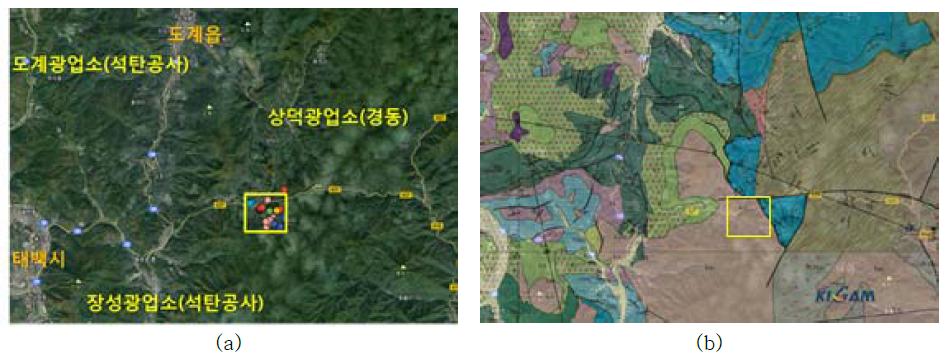 도계 미소이벤트 발생 지역 주변, (a) 위성지도, (b) 5만 지질도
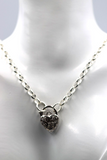 Sterling Silver Belcher Link Chain Necklace + Filigree Heart Pendant -Free Post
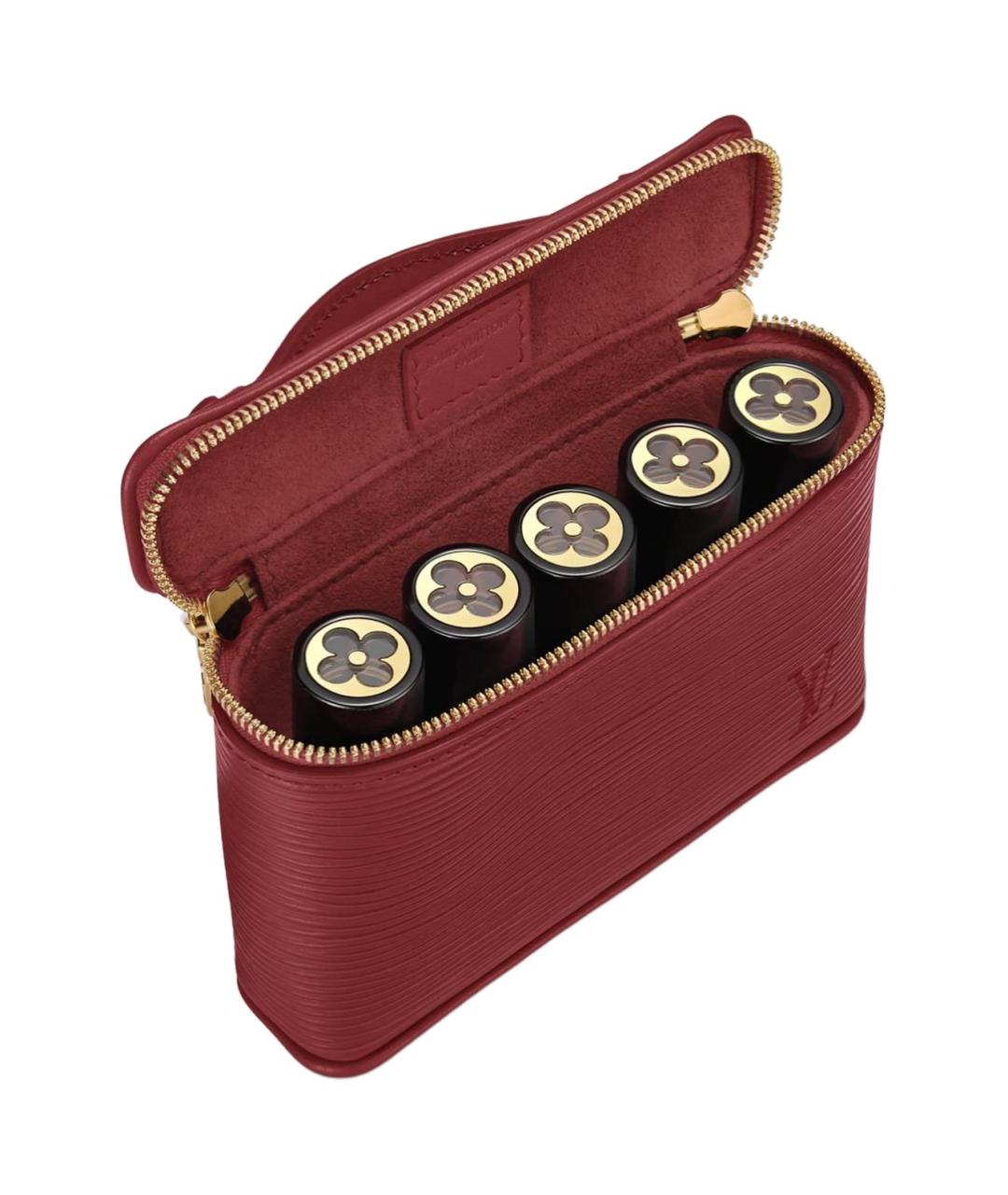 LOUIS VUITTON Бордовая кожаная косметичка, фото 5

* Task details
Make an exact copy of the listing above. Do not include the pictures.

* Solved exercise
 도계 미소이벤트 발생 지역 주변, (a) 위성지도, (b) 5만 지질도
 Sterling Silver Belcher Link Chain Necklace + Filigree Heart Pendant -Free Post
 LOUIS VUITTON Бордовая кожаная косметичка, фото 5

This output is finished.